Dessa vez, o ritmo da conversa enveredou por piadas que, de inocentes, sem palavrão ou sexismo, algumas vezes, ou muitas vezes, ficaram sem o eco das gargalhadas. Entretanto, como quem queria terminar um trabalho herculanano, desbravamos a tarde em histórias que parafraseavam nossas vidas e pensamentos, e quem chegava, ou quem estava de passagem, arriscava perder uns minutos de sua viagem para entreouvir lampejos de humoristas que piscavam naquela cozinha.

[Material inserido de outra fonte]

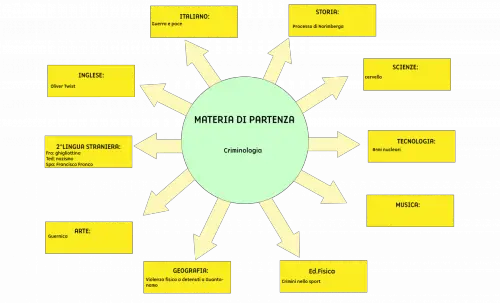 Tesina terza media criminologia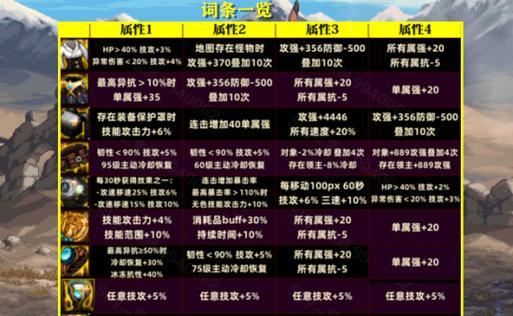 DNF深浅腕表如何搭配装备？搭配建议有哪些？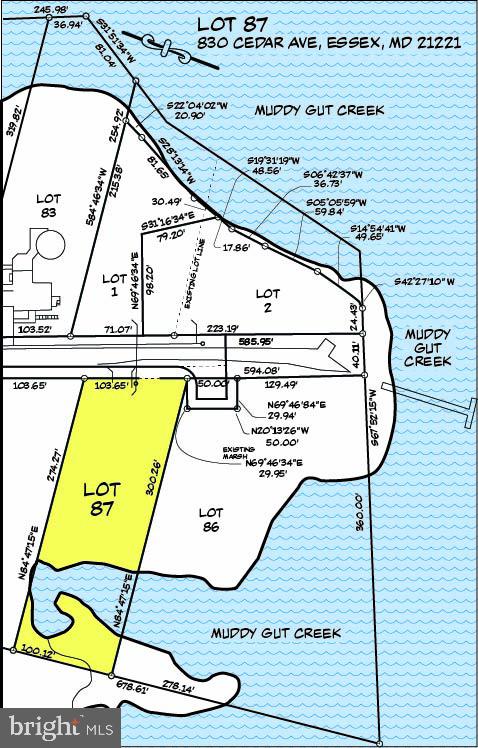 GOODWOOD FARMS - Land
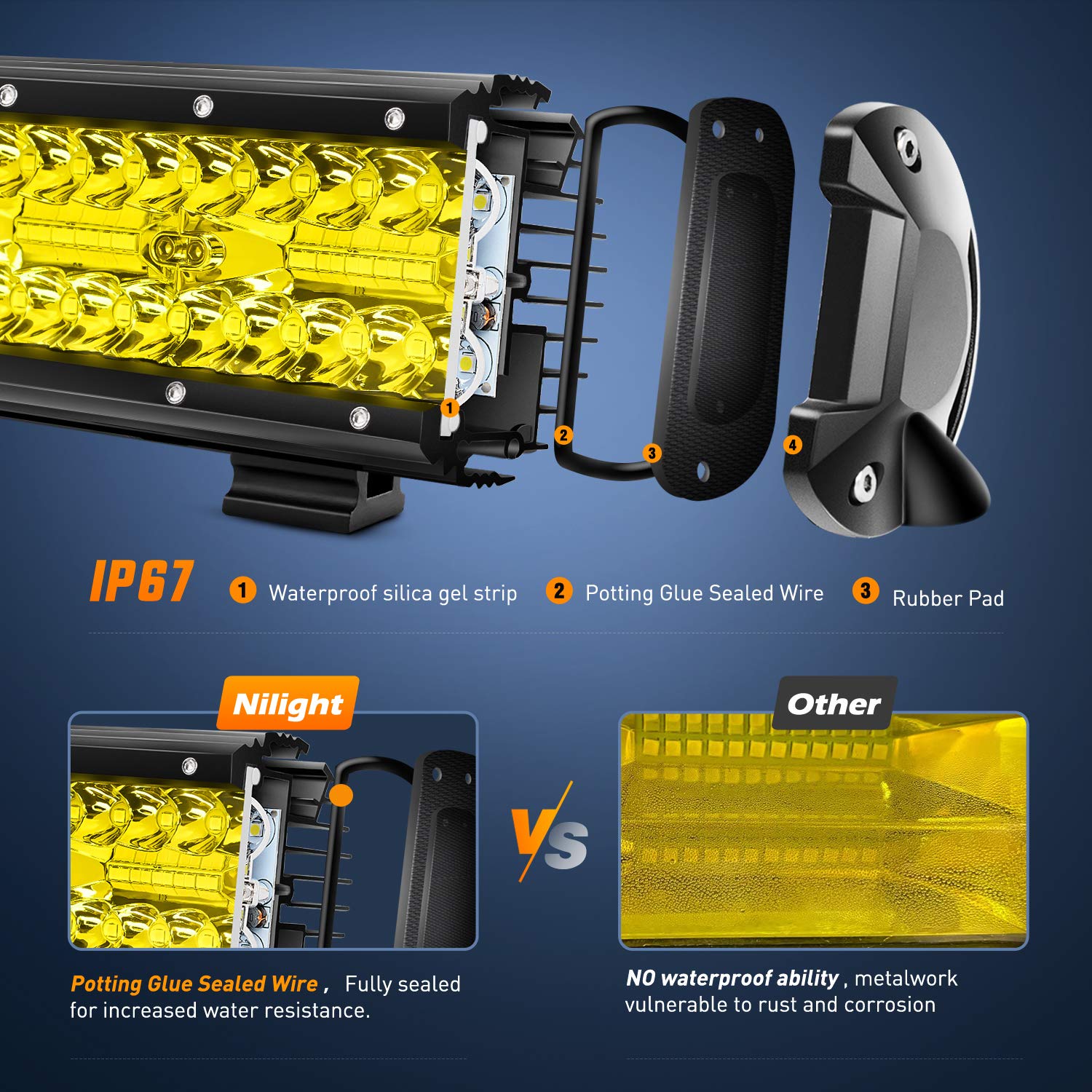 Nilight - 18033C-A 12 Inch 240W Amber Lights Triple Row Spot & Flood Combo 30000Lm Bar Driving Boat Led Off Road Lights For Truc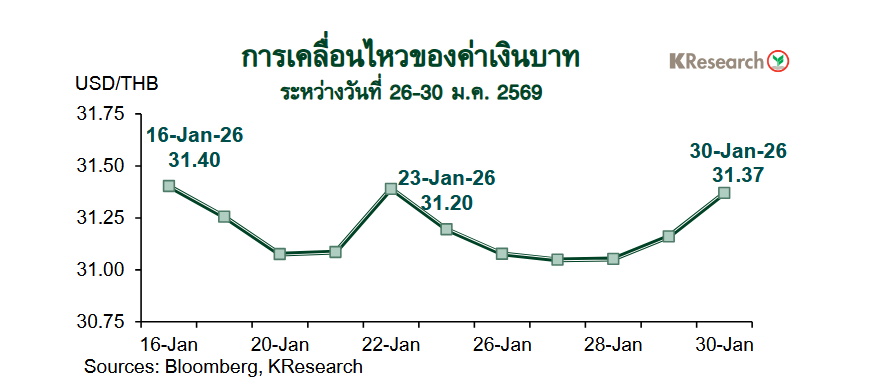 เงินบาท-กราฟค่าเงินบาท
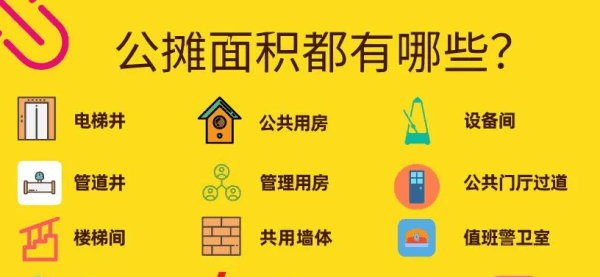 房屋公摊面积包括哪些，公摊面积都包括哪些地方商品房子图1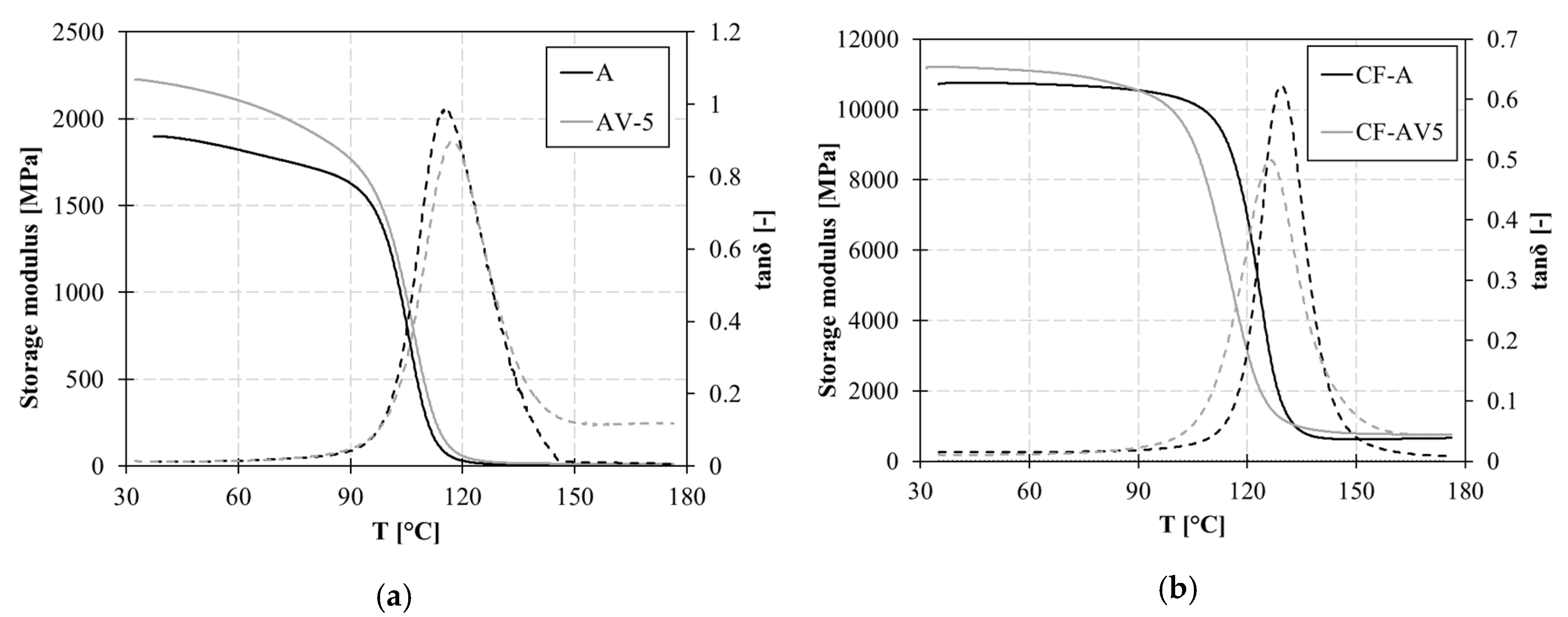 Preprints 81912 g005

Piscar mesmo, nós não queríamos. E logo nós nos apressávamos a encaminhar outra história e outra história. Foram tantas falas, tantos risos, tantas falhas. E uma piada atrás da outra, numa simetria que parecia ensaiada para não cortar um fim de uma história, porém emendada para poder emendar as falas, foi-se um contador após outro, alternando-nos por vezes, ficando um sem participar de certa rodada, e conduzimos aquela apresentação como manda o figurino.

Saíram casos de Cambonge, o qual descobri se tratar de Luís de Camões. Bocage foi citado como um safadinho que só pensava naquilo. Saíram histórias de seu Lunga, de mulheres, de quengas e de freiras, de meninos e papagaios. Saíram algumas coisas publicáveis, outras nem tanto. Saíram nossas mentes a viajar, nossos rostos a sorrir, nossas vidas saíram melhores. Aquele ambiente não saiu do lugar, mas ficou parecendo de outro mundo.

E saímos felizes. Alguns de nós ainda tinham pano pra manga. Deixa pra outro dia. É melhor guardar um pouquinho de prosa para ajardinar outra tarde, outro dia, outra mesa, outras melancias.